* **Problem statement**: The material below contains a line with "Toyota AYGO X" and a line with "Used BYD Qin". Copy exactly those two lines and all lines between them.

* **Material for this task**:
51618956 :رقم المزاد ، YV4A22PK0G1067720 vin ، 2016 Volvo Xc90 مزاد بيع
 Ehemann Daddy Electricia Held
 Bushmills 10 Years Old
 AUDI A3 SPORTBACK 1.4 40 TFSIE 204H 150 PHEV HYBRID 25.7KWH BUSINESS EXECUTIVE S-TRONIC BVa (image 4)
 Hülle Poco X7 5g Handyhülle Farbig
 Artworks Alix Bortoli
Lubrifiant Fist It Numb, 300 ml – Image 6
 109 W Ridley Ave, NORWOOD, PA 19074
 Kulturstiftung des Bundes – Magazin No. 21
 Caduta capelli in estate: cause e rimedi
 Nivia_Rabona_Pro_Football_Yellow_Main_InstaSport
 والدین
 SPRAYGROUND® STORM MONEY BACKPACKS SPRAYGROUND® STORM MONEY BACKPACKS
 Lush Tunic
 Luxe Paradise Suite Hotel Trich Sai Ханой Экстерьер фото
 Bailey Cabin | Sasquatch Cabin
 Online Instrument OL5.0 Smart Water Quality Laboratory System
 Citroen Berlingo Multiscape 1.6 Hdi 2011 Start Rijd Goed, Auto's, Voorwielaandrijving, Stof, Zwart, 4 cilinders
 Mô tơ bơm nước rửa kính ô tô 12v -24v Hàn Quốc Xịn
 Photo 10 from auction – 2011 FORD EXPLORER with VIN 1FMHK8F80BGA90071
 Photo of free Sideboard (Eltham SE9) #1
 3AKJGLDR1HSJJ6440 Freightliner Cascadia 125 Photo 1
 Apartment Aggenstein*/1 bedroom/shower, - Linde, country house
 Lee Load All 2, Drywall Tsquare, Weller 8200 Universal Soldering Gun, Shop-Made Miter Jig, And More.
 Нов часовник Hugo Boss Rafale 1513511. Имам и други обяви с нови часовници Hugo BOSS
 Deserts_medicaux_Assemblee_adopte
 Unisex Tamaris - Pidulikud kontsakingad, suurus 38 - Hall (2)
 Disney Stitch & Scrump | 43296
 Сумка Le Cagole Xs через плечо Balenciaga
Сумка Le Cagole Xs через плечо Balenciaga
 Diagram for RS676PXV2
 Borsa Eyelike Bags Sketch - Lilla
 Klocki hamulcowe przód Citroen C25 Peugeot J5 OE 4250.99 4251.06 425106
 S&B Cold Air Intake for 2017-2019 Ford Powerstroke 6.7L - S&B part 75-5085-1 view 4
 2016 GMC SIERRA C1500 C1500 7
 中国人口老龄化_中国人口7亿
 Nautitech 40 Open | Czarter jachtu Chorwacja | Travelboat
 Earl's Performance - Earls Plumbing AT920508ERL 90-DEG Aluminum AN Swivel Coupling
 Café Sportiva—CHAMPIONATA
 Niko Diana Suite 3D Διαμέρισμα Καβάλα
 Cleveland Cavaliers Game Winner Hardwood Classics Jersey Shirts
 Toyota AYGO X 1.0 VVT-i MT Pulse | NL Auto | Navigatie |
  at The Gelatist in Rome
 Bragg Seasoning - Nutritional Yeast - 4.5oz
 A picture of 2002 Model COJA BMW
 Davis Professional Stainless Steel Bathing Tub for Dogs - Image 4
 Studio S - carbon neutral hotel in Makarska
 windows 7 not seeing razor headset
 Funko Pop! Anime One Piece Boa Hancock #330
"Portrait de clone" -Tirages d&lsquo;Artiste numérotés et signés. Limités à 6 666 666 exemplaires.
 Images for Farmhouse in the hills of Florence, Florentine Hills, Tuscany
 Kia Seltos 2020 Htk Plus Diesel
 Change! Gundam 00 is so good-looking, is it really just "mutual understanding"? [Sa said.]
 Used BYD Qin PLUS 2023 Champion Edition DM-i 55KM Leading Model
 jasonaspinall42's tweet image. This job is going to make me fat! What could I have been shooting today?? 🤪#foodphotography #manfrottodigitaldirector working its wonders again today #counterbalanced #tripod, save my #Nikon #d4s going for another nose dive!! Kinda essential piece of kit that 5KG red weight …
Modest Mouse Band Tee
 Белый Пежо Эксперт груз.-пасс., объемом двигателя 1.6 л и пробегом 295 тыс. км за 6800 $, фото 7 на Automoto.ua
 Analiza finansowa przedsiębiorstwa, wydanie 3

* **Task output**:
 Toyota AYGO X 1.0 VVT-i MT Pulse | NL Auto | Navigatie |
  at The Gelatist in Rome
 Bragg Seasoning - Nutritional Yeast - 4.5oz
 A picture of 2002 Model COJA BMW
 Davis Professional Stainless Steel Bathing Tub for Dogs - Image 4
 Studio S - carbon neutral hotel in Makarska
 windows 7 not seeing razor headset
 Funko Pop! Anime One Piece Boa Hancock #330
"Portrait de clone" -Tirages d&lsquo;Artiste numérotés et signés. Limités à 6 666 666 exemplaires.
 Images for Farmhouse in the hills of Florence, Florentine Hills, Tuscany
 Kia Seltos 2020 Htk Plus Diesel
 Change! Gundam 00 is so good-looking, is it really just "mutual understanding"? [Sa said.]
 Used BYD Qin PLUS 2023 Champion Edition DM-i 55KM Leading Model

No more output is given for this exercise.